Boson Expansion Methods in (1+1)-dimensional Light-Front QCD

TL;DR

This paper derives a bosonic Hamiltonian for (1+1)-dimensional light-front QCD using boson expansion methods, revealing a free meson spectrum in the large N limit.

Contribution

It introduces a boson expansion approach to derive a bosonic Hamiltonian in light-front QCD, connecting bilocal operators to meson states and analyzing the large N limit.

Findings

Bosonic Hamiltonian derived from 2D light-front QCD.

In the large N limit, the theory describes free mesons.

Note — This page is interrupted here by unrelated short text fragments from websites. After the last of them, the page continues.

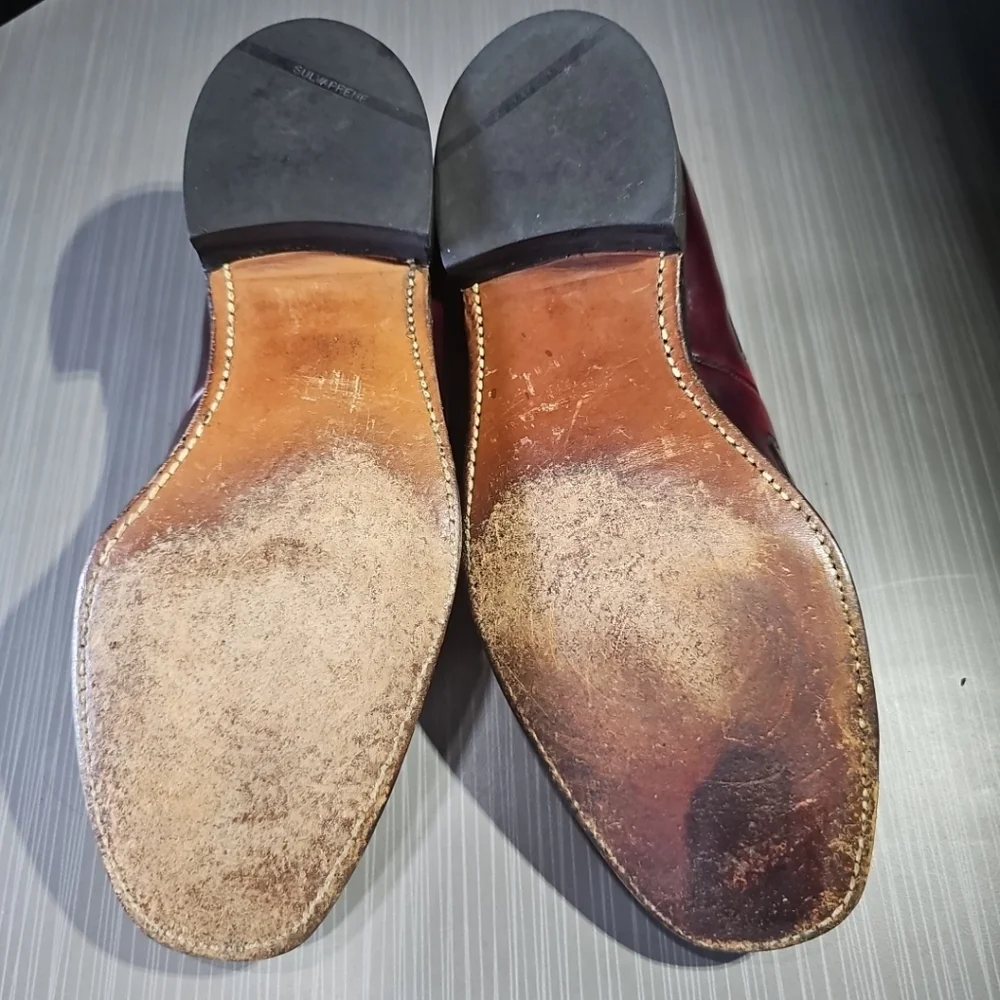 Johnston & Murphy Aristocraft Cordovan/Burgundy Tassel‎ Loafers Men's Size 8.5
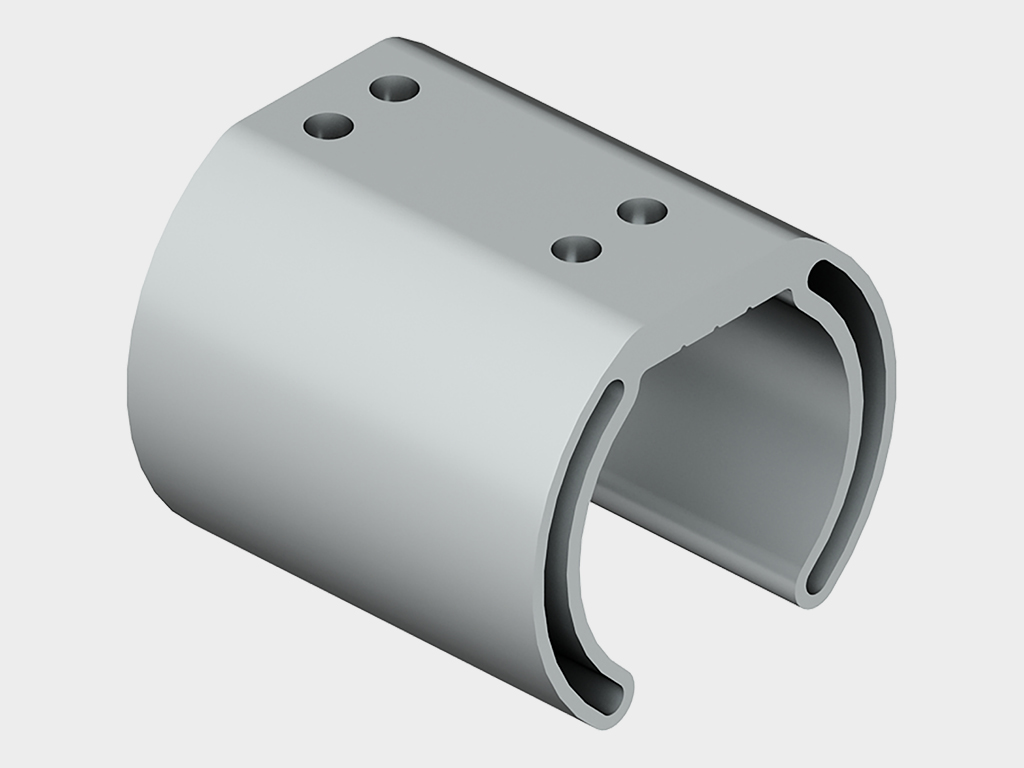 Qiyshiq suxar stoykaga nisbatan rigelni qiyshiq holda o‘rnatish imkonini beradi. Ushbu yechim konstruktsiya yaratish imkoniyatlarini kengaytiradi.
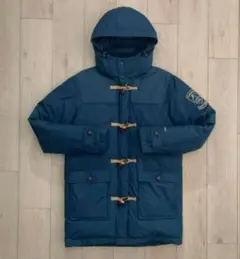 Ｌノースフェイスネイビー紺ダッフルグースダウンジャケットパーカー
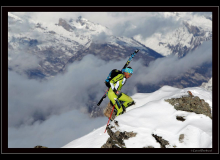 FLORENT TROILLET SUR L'ARETE DU ROGNEUX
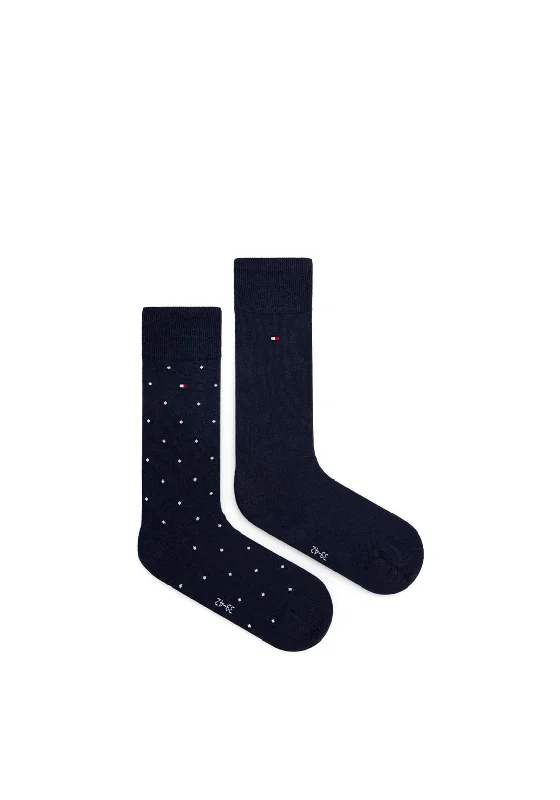 Tommy Hilfiger Mens Polka Dot Sock Twin Pack, Tommy Original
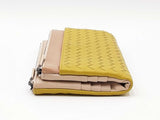 Bottega Veneta Duo Clutch In Lime Green & Beige Intrecciato Leather Fw0926lcrdu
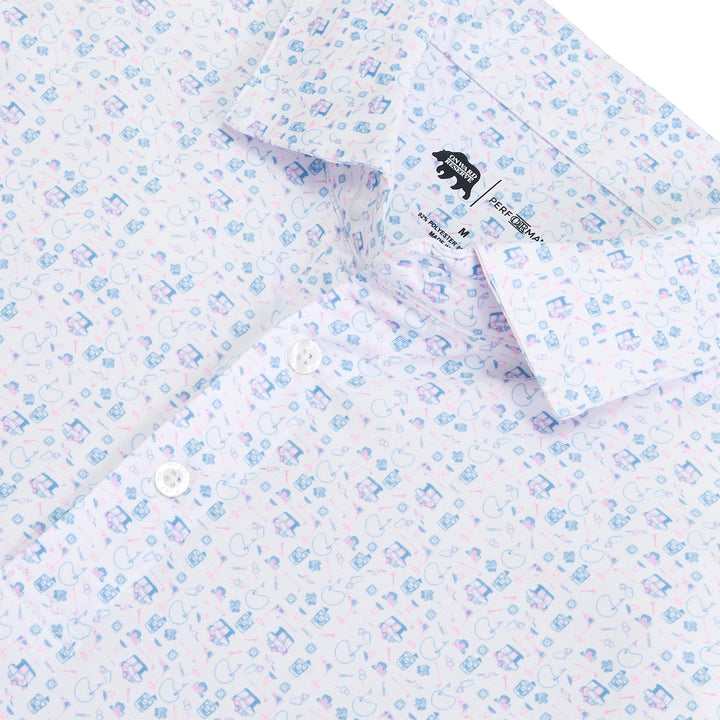 Onward Reserve 19th Hole Printed Performance Polo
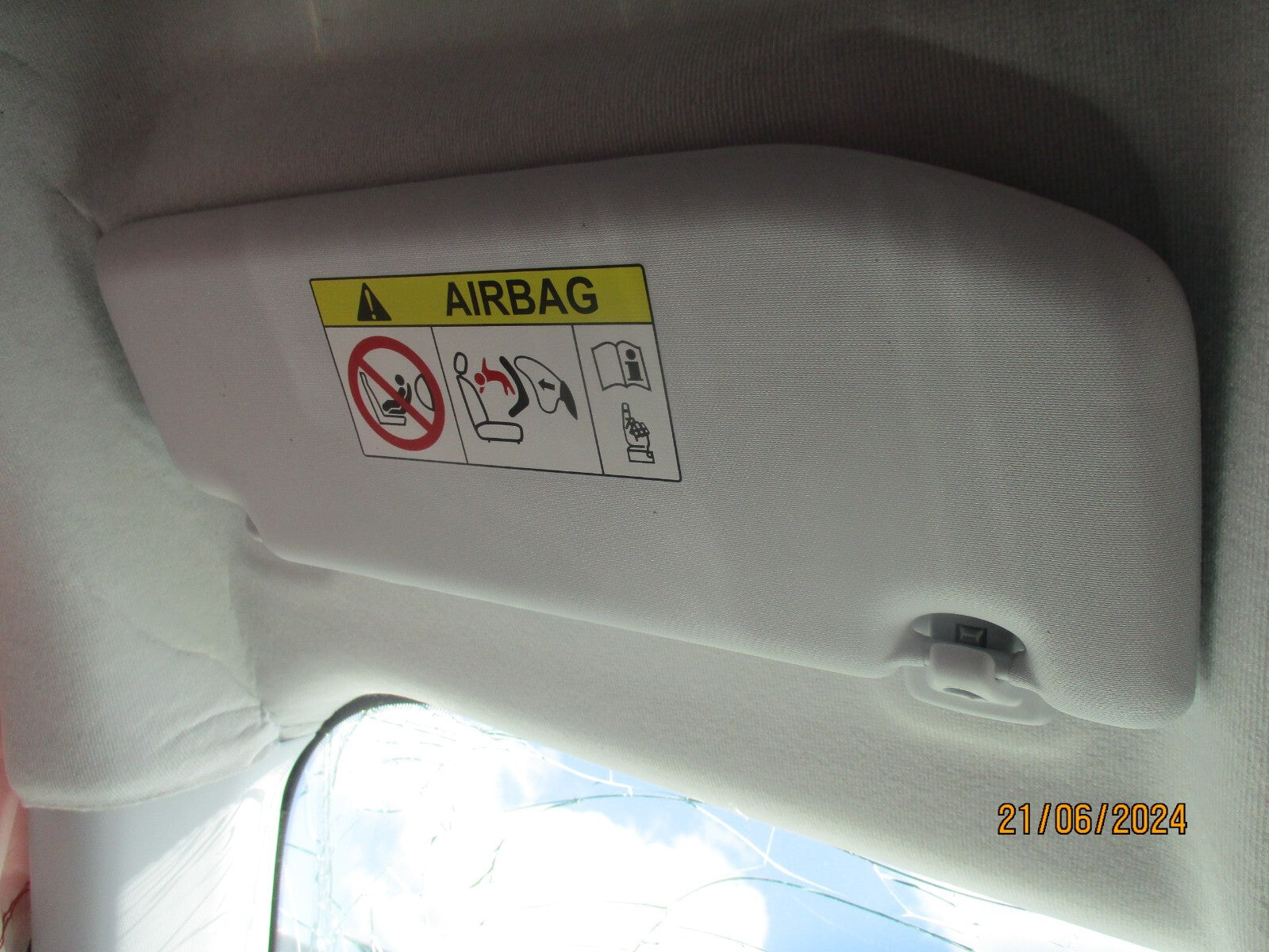 VAUXHALL MOKKA B MK2 2022 NSF PASSENGER SIDE FRONT INTERIOR SUN VISOR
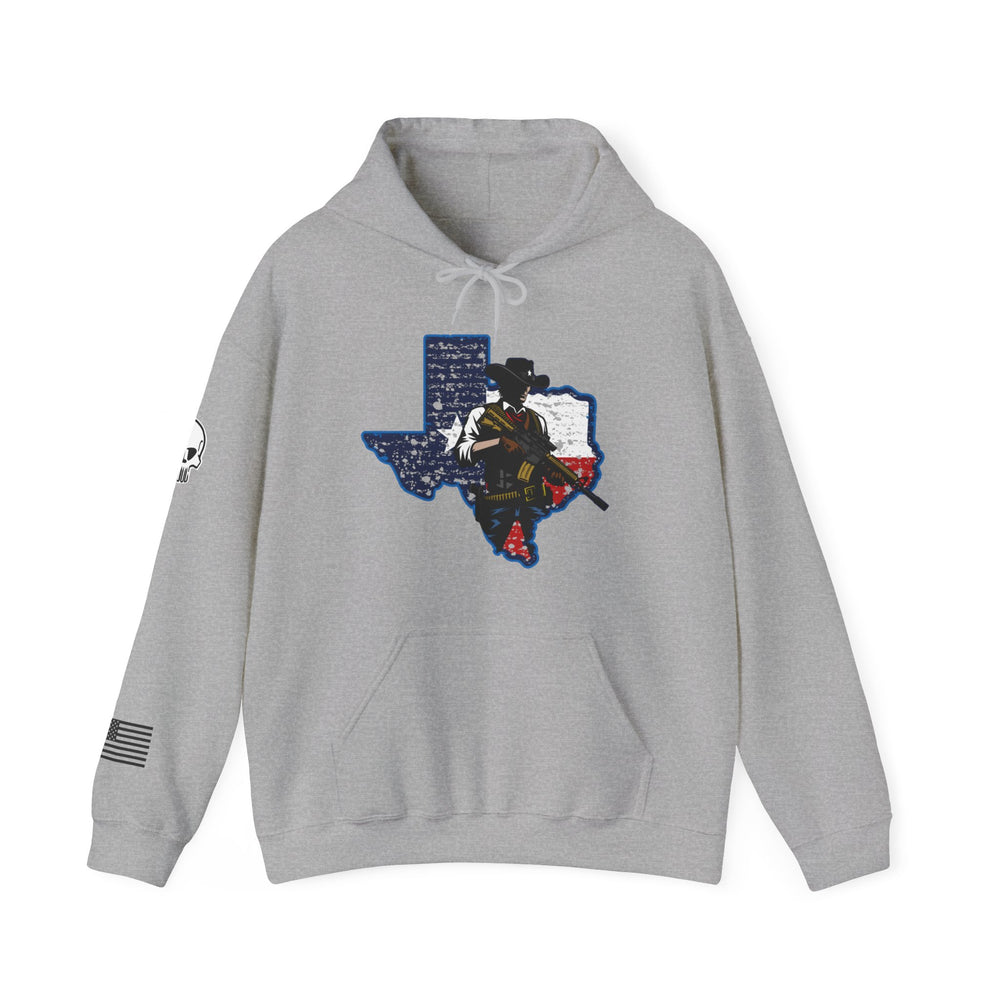 TEXAS STATE COWBOY HOODIE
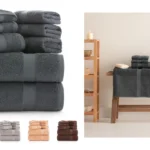 Juego de 8 toallas Todocama 100% algodón 550 gsm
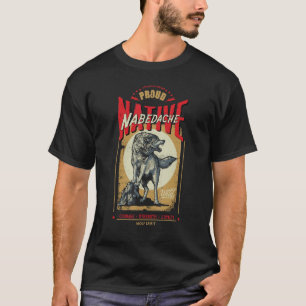 Nabedache Native American Indian Born Wolf Spirit T-shirt
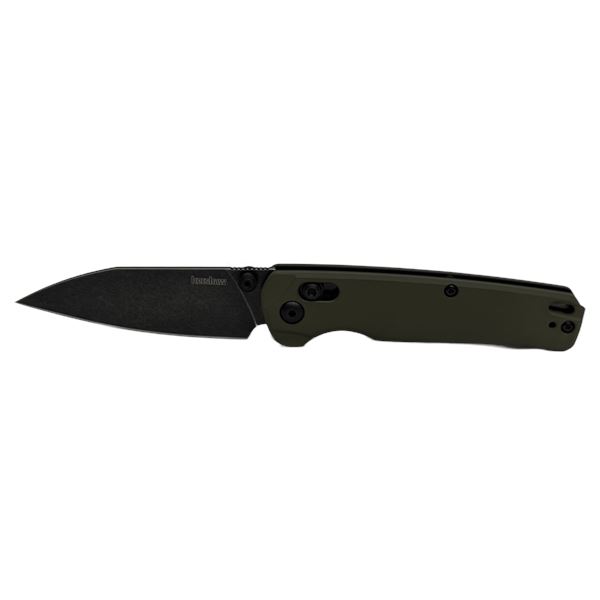 Kershaw Bel-Air Olive/Blackwash Folding Knife UPC 87171067872 SKU KE-6105OLBW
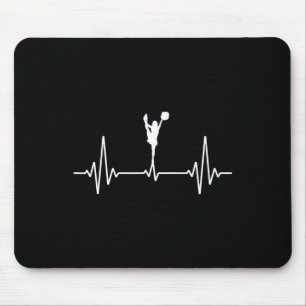 Funny Cheerleader Art Girls Women Cheer Cheerleadi Mouse Mat
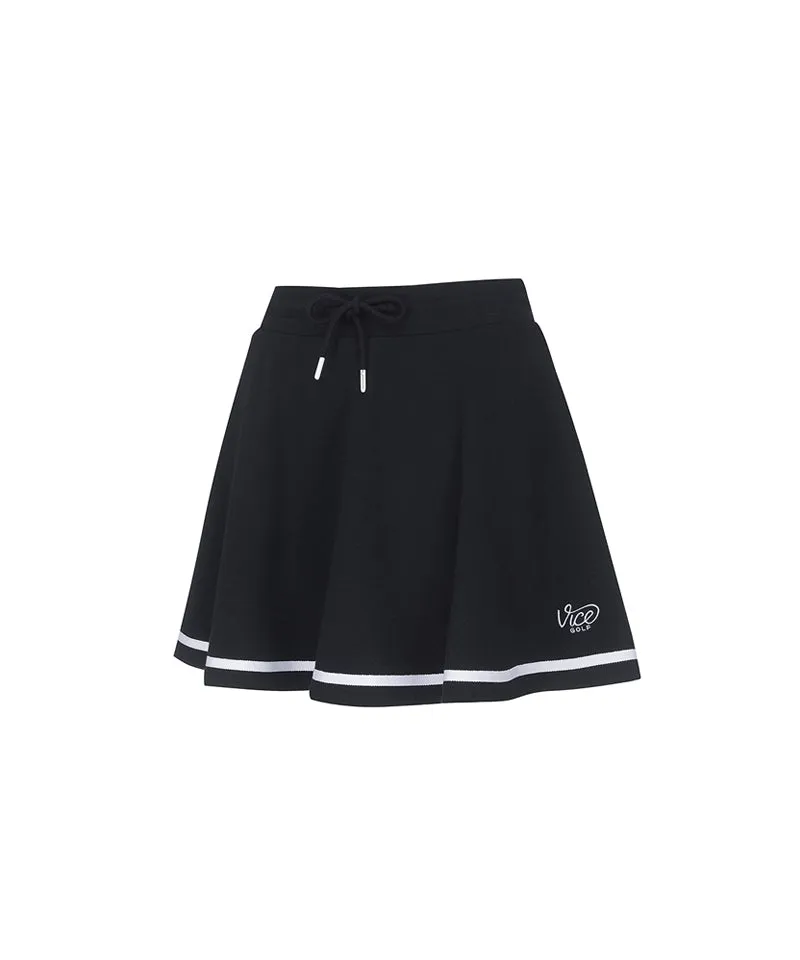 Vice Golf Atelier Women's Vice Flared Skirt - Navy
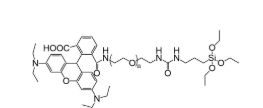 Rhodamine-PEG-Silane，羅丹明聚乙二醇硅烷，RB-PEG-Silane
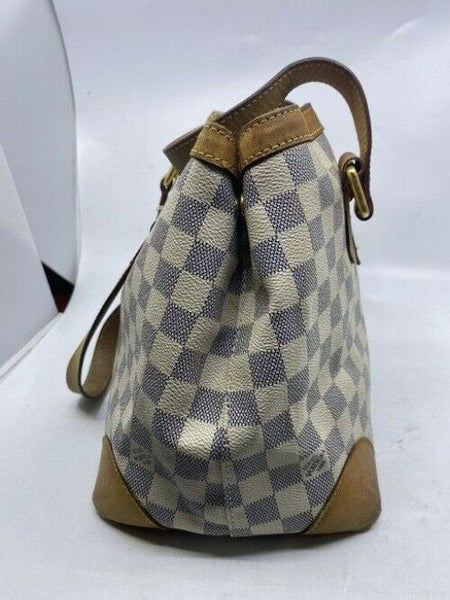 Louis Vuitton Hampstead Vintage Cream Damier Azur Canvas Shoulder Bag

Mass spectrum matches the 't Hooft equation.

Abstract

We derive a bosonic Hamiltonian from two dimensional QCD on the light-front. To obtain the bosonic theory we find that it is useful to apply the boson expansion method which is the standard technique in quantum many-body physics. We introduce bilocal boson operators to represent the gauge-invariant quark bilinears and then local boson operators as the collective states of the bilocal bosons. If we adopt the Holstein-Primakoff type among various representations, we obtain a theory of infinitely many interacting bosons, whose masses are the eigenvalues of the 't Hooft equation. In the large $N$ limit, since the interaction disappears and the bosons are identified with mesons, we obtain a free Hamiltonian with infinite kinds of mesons.